Methylprednisolone Pediatric Dose — Asthma & Respiratory

Methylprednisolone is a synthetic corticosteroid that exerts potent anti-inflammatory effects by suppressing cytokine release, reducing airway edema, and restoring beta-adrenergic receptor responsiveness. It is indicated for the management of moderate-to-severe acute asthma exacerbations in pediatric patients requiring intravenous therapy. Its rapid onset and reliable bioavailability make it a preferred agent in the inpatient and emergency setting.

Pediatric Dosing

The recommended intravenous regimen consists of a loading dose followed by scheduled maintenance dosing:

  • Loading dose: 2 mg/kg IV
  • Maintenance dose: 0.5 mg/kg/dose IV every 6 hours
  • Maximum: 60 mg/dose every 12 hours

For a 20 kg child: Loading dose = 20 × 2 mg/kg = 40 mg IV; Maintenance = 20 × 0.5 mg/kg = 10 mg IV every 6 hours. For larger patients, apply the stated maximum of 60 mg/dose every 12 hours as the ceiling; consult institutional protocol for transition timing from IV to oral therapy.
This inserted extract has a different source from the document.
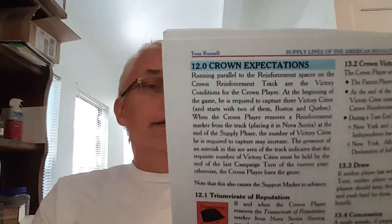Hey there, gang. I thought I'd have a quick chat with you about the supply lines of the American Revolution in the Northern Theatre. I got a chance to play this last night on Vassal. Didn't get a full game done, so take that for what it is. It's not necessarily a review — I just want to give you some general impressions of the game. It's a game that comes from Hollenspiel.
Indications and Clinical Context

Intravenous methylprednisolone is indicated for pediatric patients presenting with acute asthma exacerbations who are unable to tolerate or are unlikely to adequately absorb oral corticosteroids, including those with significant respiratory distress, vomiting, or who require hospital admission. Systemic corticosteroids are a cornerstone of moderate-to-severe asthma management per PALS and NAEPP guidelines, reducing airway inflammation, decreasing the rate of hospitalization, and shortening the duration of exacerbations when initiated early.

This IV regimen with a loading dose is typically reserved for patients admitted to the emergency department, general inpatient unit, or PICU where intravenous access is established and close monitoring is available. Transition to oral prednisolone or prednisone should be considered as the patient’s clinical status improves.
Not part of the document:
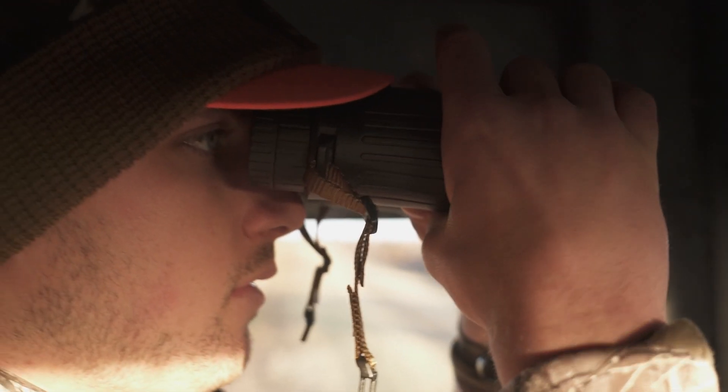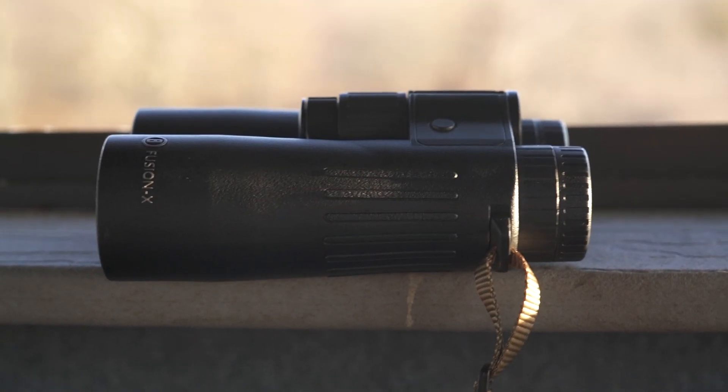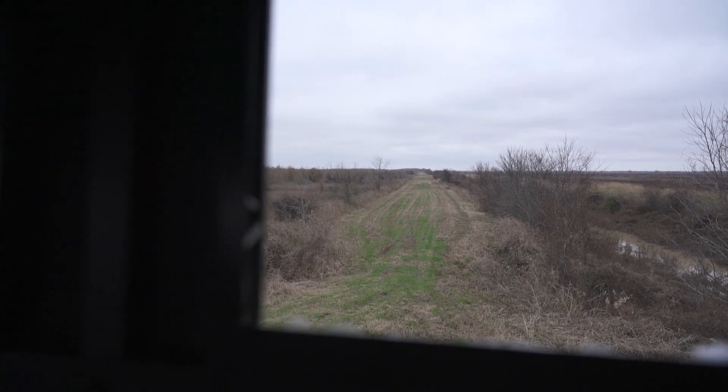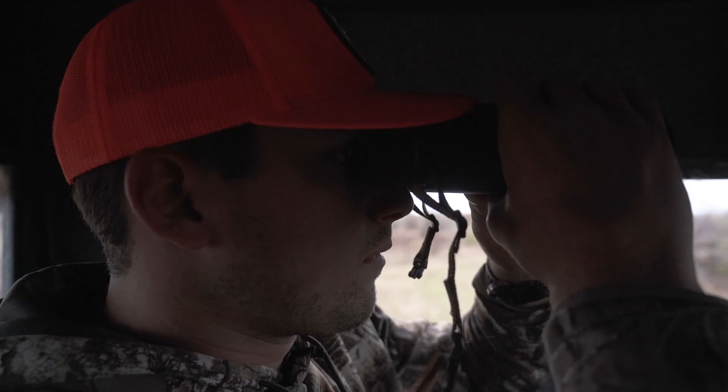I want to talk today about the Bushnell Fusion X 10x42 two-in-one binocular with the built-in rangefinder. Situations like today — we're in Louisiana hunting these long narrow strips and you may only have a few seconds to be able to identify the deer and get a range.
Administration and Monitoring

Methylprednisolone should be administered intravenously as a slow IV push or short infusion over 15–30 minutes to minimize adverse effects such as transient hypotension or bradycardia. The loading dose of 2 mg/kg IV should be given as a single dose, followed by maintenance dosing of 0.5 mg/kg IV every 6 hours, not exceeding 60 mg/dose every 12 hours.

  • Route: IV preferred; IO acceptable in resuscitation scenarios
  • Monitor: Blood glucose (hyperglycemia is common), blood pressure, electrolytes, and signs of infection
  • Caution: Use with care in patients with active untreated infections, poorly controlled diabetes, or known hypersensitivity to methylprednisolone
  • Max dose: 60 mg/dose every 12 hours per source description
  • For dosing beyond initial stabilization or prolonged courses, consult institutional protocol

Disclaimer: This article is an educational reference summarizing standard pediatric dosing values. It is not a substitute for clinical judgment. Always verify doses against institutional protocols, the current edition of authoritative references (e.g., Lexicomp, Harriet Lane Handbook, PALS guidelines), the patient’s accurate weight, and any patient-specific factors (renal/hepatic function, allergies, comedications) before administration.